In 2008-2009, Zach and I, among many others, agreed to help Chris with some beta for his new SuperTopo Guide book involving over 200 routes focused on free and/or clean aid climbing in Zion National Park. Upon proofing and reviewing the rough draft, an old chimney route on the east spur of Lady Mountain caught Zach’s attention. I am not sure whether it was the bushwhacking descent, the dirty off width climbing or just plain curiosity that drew him to it, but the next thing I know, we were off to do the route.
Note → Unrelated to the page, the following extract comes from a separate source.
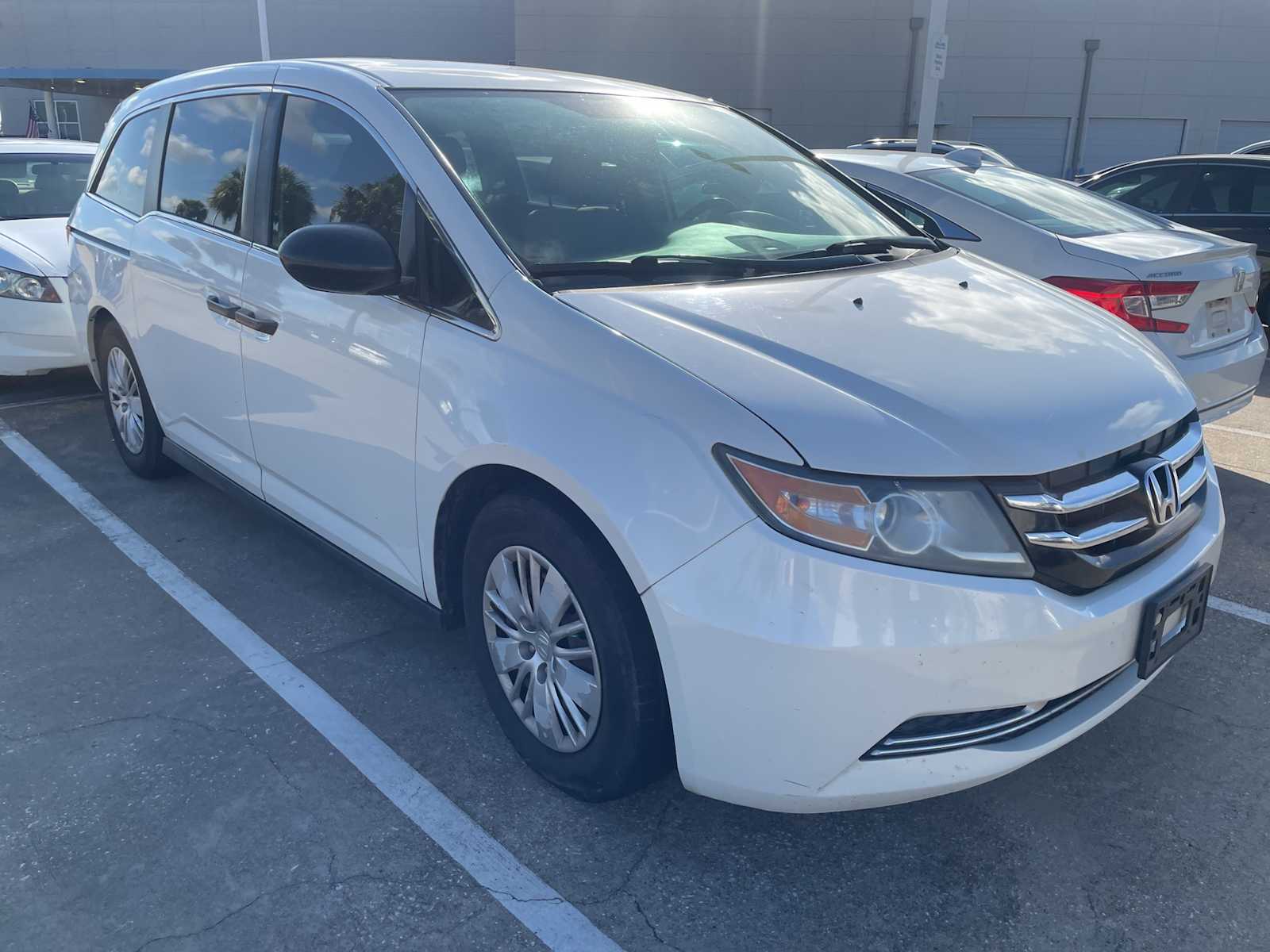 Thumbnail: 2016 Honda Odyssey - 4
Chimney Sweep is an old school 5.7 Zion route first established by Curt Haire and Wes Hall in 1975. I had never heard of anyone doing it, but did observe rappel tat (even though you can walk off the route) that was younger than 1975. Thus it has seen some traffic although one would never guess it from how much loose rock and sand you had to dodge. I venture to guess the reason it has seen some traffic is because someone saw the opportunity to extend the original route with a couple of pretty good 5.10 pitches on decent rock. However, that is the only good rock of the day.
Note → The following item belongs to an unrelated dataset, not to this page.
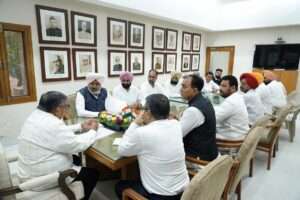 ‘आप’ प्रतिनिधिमंडल द्वारा राज्यपाल से मुलाकात, एडीजीपी वाई. पूरन कुमार के मामले में आरोपियों की तुरंत गिरफ्तारी और सख्त कार्रवाई की मांग !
Curt and Wes originally named this route the North Spur Chimney Sweep, when in reality it is on the east spur of Lady Mountain. I am not going to get specific about the 5.10 grade as whoever supplied Chris with the beta did not and Zach and I were not interested in trying to pin it down. Needless to say, you have a few challenging off width pitches at the 5.10 grade level.
Lady Mountain is the monolith with a sheer cliff on its north side located across the road from Zion Lodge. It was named after a section of the Old Cable Route that resembles a woman’s face over Emerald Pools. Most of the mountain is covered in Navajo Sandstone from the Mesozoic era and is therefore quite loose and sandy. Drive through the Park Gates on the edge of Springdale via Hwy 9 and continue to the Lodge. Park at the river bridge on the left or in the lodge parking area. Cross the bridge and turn left following the paved trail as though you are going to Emerald Pools. When facing east on the switchbacks, look for a faint trail that heads up the loose and sandy slopes on your left. Follow this trail as it meanders up several rock steps that serve as the beginning of the Old Cable route. Before you reach the tall headwall above, venture right and aim for the main chimney/crack system on the east spur of Lady Mountain. Approximately half of your 1800’ elevation gain is just reaching the suit up spot for this climb.
1000’+/-, 7 Pitches, 5.10
1st Pitch- 150’- 5.7/ Begin in a right facing corner that quickly turns into a left facing corner feeding a chimney with multiple chock stones on top and a large juniper tree to the right of the top of the chimney. The first corner was mostly scrambling and then became a tad more challenging on some suspect rock as it steepened. The chimney portion was a blast. I went inside versus taking the chimney out, and tunneled through the chock stones above, but then I do have a 28” waist. Might be a little hard to protect that chimney as I recall. Set up anchor at the tree. photo(s)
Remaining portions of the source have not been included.